● WHAT IS NEEDED: Quote the entries below from the line with "make a 2d and" through the line with "Esperanza Trapani Laptop", both ends included, and only those lines.

● SUPPLIED MATERIAL:
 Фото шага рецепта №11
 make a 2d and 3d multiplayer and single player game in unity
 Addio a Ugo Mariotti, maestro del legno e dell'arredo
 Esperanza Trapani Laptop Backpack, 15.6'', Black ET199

...

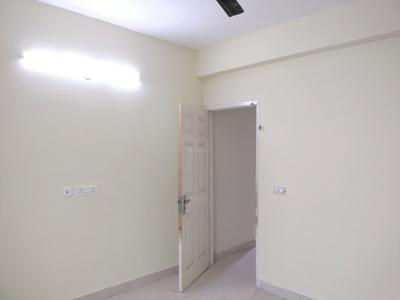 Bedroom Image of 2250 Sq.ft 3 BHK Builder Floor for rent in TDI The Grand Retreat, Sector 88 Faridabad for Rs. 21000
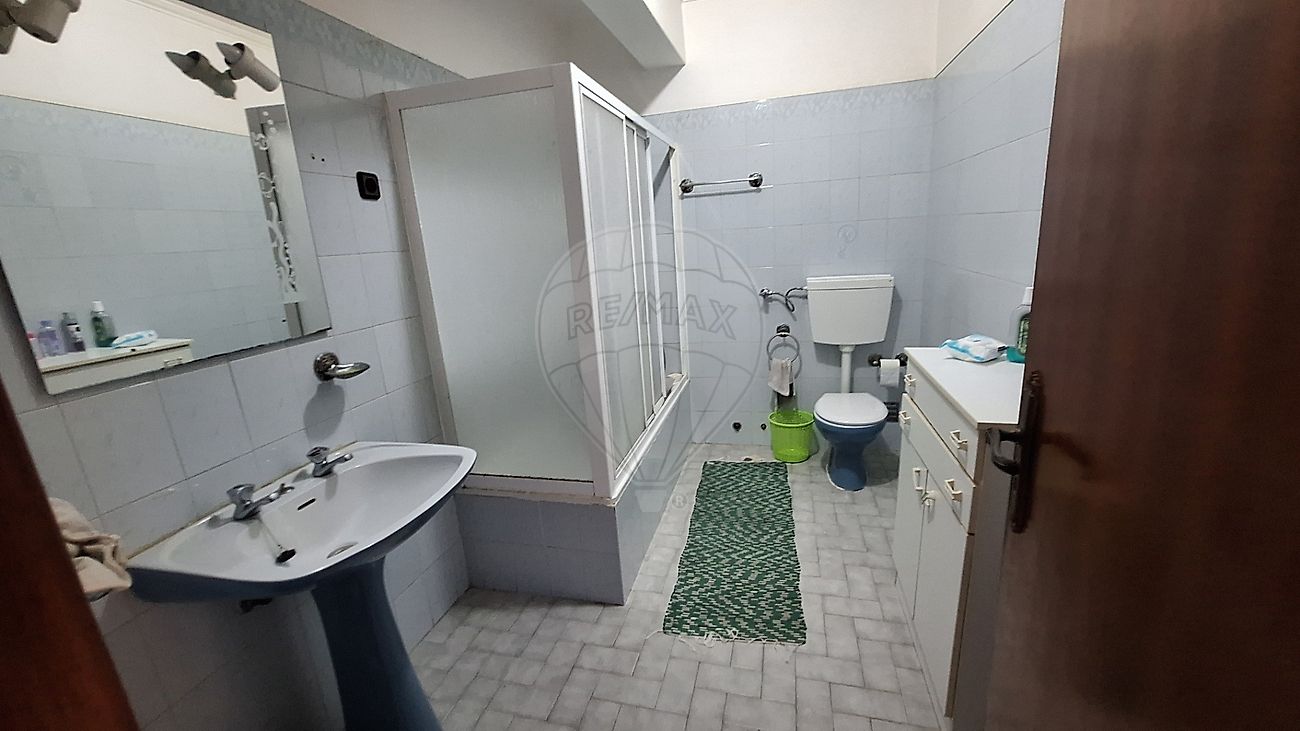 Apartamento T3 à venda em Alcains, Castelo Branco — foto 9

● RESULT:
 make a 2d and 3d multiplayer and single player game in unity
 Addio a Ugo Mariotti, maestro del legno e dell'arredo
 Esperanza Trapani Laptop Backpack, 15.6'', Black ET199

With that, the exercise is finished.